Directions for this task>
While copying the entries exactly, leave out each picture they contain.

--- Given data Enclosed Below ---

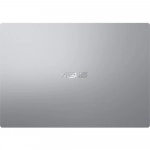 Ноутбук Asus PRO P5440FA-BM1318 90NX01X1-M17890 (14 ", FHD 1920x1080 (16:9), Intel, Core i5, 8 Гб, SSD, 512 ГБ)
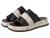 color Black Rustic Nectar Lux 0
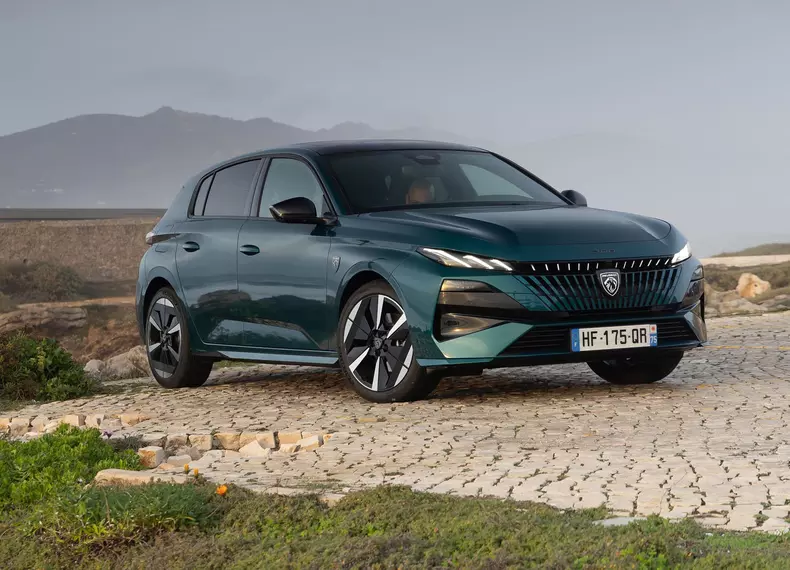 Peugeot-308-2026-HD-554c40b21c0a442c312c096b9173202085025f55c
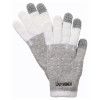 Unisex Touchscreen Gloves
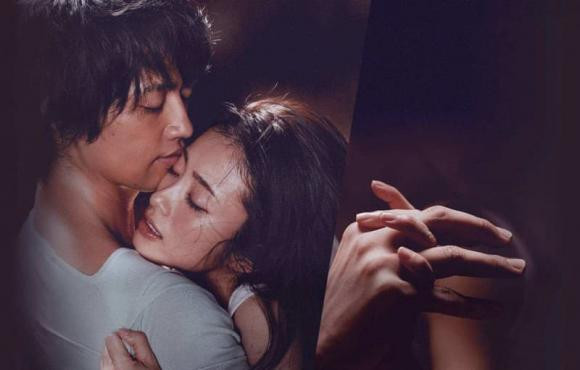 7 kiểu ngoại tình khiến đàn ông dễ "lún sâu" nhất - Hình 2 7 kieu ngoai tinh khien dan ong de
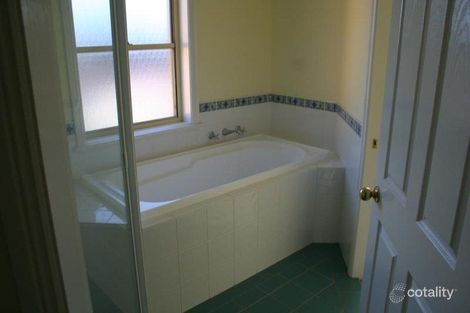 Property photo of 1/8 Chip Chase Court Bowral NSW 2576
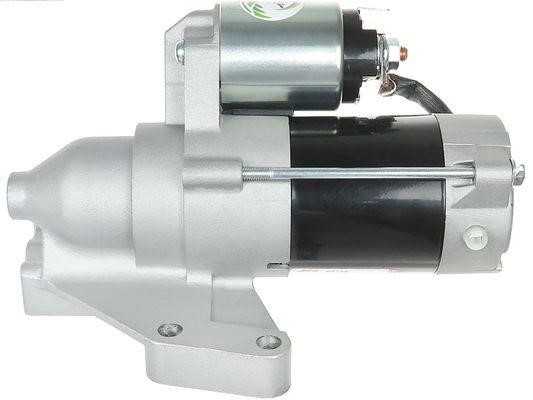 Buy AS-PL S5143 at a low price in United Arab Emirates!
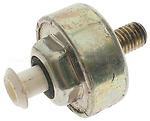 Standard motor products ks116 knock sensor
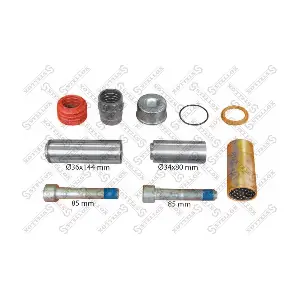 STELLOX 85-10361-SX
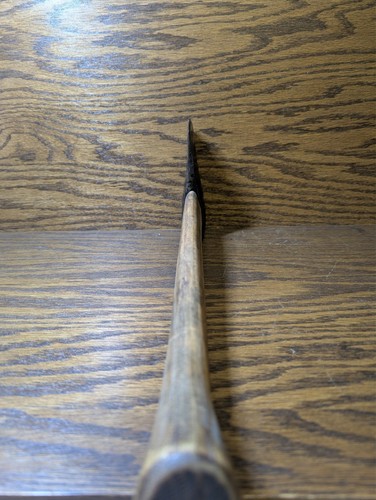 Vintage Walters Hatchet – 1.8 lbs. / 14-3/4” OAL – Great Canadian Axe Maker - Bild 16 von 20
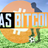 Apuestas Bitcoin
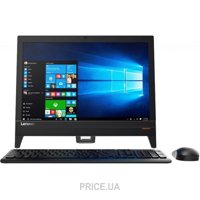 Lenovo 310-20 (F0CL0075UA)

--- End of Enclosed Given data ---

Response>
 Ноутбук Asus PRO P5440FA-BM1318 90NX01X1-M17890 (14 ", FHD 1920x1080 (16:9), Intel, Core i5, 8 Гб, SSD, 512 ГБ)
 color Black Rustic Nectar Lux 0
 Peugeot-308-2026-HD-554c40b21c0a442c312c096b9173202085025f55c
 Unisex Touchscreen Gloves
 7 kiểu ngoại tình khiến đàn ông dễ "lún sâu" nhất - Hình 2 7 kieu ngoai tinh khien dan ong de
 Property photo of 1/8 Chip Chase Court Bowral NSW 2576
 Buy AS-PL S5143 at a low price in United Arab Emirates!
 Standard motor products ks116 knock sensor
 STELLOX 85-10361-SX
 Vintage Walters Hatchet – 1.8 lbs. / 14-3/4” OAL – Great Canadian Axe Maker - Bild 16 von 20
 Apuestas Bitcoin
 Lenovo 310-20 (F0CL0075UA)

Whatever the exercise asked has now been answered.